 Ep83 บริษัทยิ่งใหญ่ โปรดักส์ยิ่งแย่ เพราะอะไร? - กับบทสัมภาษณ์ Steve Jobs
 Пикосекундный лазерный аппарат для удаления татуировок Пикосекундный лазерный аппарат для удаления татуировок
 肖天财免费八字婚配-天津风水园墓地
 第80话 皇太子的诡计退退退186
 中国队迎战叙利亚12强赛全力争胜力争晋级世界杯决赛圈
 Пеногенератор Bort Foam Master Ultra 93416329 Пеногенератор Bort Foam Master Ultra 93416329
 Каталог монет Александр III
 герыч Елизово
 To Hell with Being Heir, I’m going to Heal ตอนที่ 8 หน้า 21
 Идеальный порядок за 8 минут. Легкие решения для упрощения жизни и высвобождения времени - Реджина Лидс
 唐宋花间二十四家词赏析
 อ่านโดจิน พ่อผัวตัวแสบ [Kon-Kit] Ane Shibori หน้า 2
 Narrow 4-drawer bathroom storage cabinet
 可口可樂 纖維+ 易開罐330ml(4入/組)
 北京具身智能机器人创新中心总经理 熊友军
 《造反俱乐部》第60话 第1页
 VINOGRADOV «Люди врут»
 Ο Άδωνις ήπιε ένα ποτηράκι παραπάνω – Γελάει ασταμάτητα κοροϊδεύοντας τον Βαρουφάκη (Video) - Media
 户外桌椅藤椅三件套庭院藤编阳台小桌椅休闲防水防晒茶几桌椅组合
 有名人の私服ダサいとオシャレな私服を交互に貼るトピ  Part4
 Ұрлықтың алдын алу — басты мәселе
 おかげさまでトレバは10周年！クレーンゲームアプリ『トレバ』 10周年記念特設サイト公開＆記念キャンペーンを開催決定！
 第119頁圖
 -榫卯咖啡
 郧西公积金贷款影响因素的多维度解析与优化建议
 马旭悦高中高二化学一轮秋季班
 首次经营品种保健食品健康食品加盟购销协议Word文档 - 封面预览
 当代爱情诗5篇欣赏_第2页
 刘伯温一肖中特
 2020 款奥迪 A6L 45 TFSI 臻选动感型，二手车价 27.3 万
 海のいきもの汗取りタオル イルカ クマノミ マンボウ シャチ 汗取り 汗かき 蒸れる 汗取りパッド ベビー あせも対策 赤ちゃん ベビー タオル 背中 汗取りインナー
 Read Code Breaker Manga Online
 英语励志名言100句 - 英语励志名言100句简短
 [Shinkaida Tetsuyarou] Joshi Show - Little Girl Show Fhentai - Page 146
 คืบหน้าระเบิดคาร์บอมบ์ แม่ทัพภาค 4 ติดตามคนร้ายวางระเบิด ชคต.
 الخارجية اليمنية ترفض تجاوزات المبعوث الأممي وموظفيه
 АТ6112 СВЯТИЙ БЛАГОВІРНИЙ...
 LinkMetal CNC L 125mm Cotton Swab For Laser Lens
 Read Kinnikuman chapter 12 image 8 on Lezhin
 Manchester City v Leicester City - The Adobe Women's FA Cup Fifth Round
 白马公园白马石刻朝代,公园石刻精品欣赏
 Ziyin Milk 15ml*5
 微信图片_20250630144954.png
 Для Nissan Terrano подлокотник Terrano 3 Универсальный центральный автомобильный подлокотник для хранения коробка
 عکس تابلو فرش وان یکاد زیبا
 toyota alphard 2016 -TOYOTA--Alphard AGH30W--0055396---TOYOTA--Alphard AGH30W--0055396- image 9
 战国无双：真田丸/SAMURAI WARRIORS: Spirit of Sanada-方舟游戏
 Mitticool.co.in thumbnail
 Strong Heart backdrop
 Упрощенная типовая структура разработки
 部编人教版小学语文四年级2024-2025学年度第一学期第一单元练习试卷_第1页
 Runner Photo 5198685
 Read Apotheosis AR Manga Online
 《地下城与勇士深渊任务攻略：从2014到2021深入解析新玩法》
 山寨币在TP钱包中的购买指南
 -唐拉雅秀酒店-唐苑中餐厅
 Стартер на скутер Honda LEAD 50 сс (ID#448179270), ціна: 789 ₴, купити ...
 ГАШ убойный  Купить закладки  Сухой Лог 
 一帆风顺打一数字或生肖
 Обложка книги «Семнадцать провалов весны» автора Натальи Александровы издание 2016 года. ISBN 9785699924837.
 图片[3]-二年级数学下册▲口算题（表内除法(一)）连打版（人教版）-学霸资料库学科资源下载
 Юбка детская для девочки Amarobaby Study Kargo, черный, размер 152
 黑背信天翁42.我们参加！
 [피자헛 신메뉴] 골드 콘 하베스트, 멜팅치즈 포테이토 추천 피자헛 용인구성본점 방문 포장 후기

________________________________________

The lines above starting at the one that contains "北京具身智能机器人创新中心总经理 熊友军" and ending at the one that contains "คืบหน้าระเบิดคาร์บอมบ์ แม่ทัพภาค 4" must be transcribed exactly, and no other lines may appear.

Response.
 北京具身智能机器人创新中心总经理 熊友军
 《造反俱乐部》第60话 第1页
 VINOGRADOV «Люди врут»
 Ο Άδωνις ήπιε ένα ποτηράκι παραπάνω – Γελάει ασταμάτητα κοροϊδεύοντας τον Βαρουφάκη (Video) - Media
 户外桌椅藤椅三件套庭院藤编阳台小桌椅休闲防水防晒茶几桌椅组合
 有名人の私服ダサいとオシャレな私服を交互に貼るトピ  Part4
 Ұрлықтың алдын алу — басты мәселе
 おかげさまでトレバは10周年！クレーンゲームアプリ『トレバ』 10周年記念特設サイト公開＆記念キャンペーンを開催決定！
 第119頁圖
 -榫卯咖啡
 郧西公积金贷款影响因素的多维度解析与优化建议
 马旭悦高中高二化学一轮秋季班
 首次经营品种保健食品健康食品加盟购销协议Word文档 - 封面预览
 当代爱情诗5篇欣赏_第2页
 刘伯温一肖中特
 2020 款奥迪 A6L 45 TFSI 臻选动感型，二手车价 27.3 万
 海のいきもの汗取りタオル イルカ クマノミ マンボウ シャチ 汗取り 汗かき 蒸れる 汗取りパッド ベビー あせも対策 赤ちゃん ベビー タオル 背中 汗取りインナー
 Read Code Breaker Manga Online
 英语励志名言100句 - 英语励志名言100句简短
 [Shinkaida Tetsuyarou] Joshi Show - Little Girl Show Fhentai - Page 146
 คืบหน้าระเบิดคาร์บอมบ์ แม่ทัพภาค 4 ติดตามคนร้ายวางระเบิด ชคต.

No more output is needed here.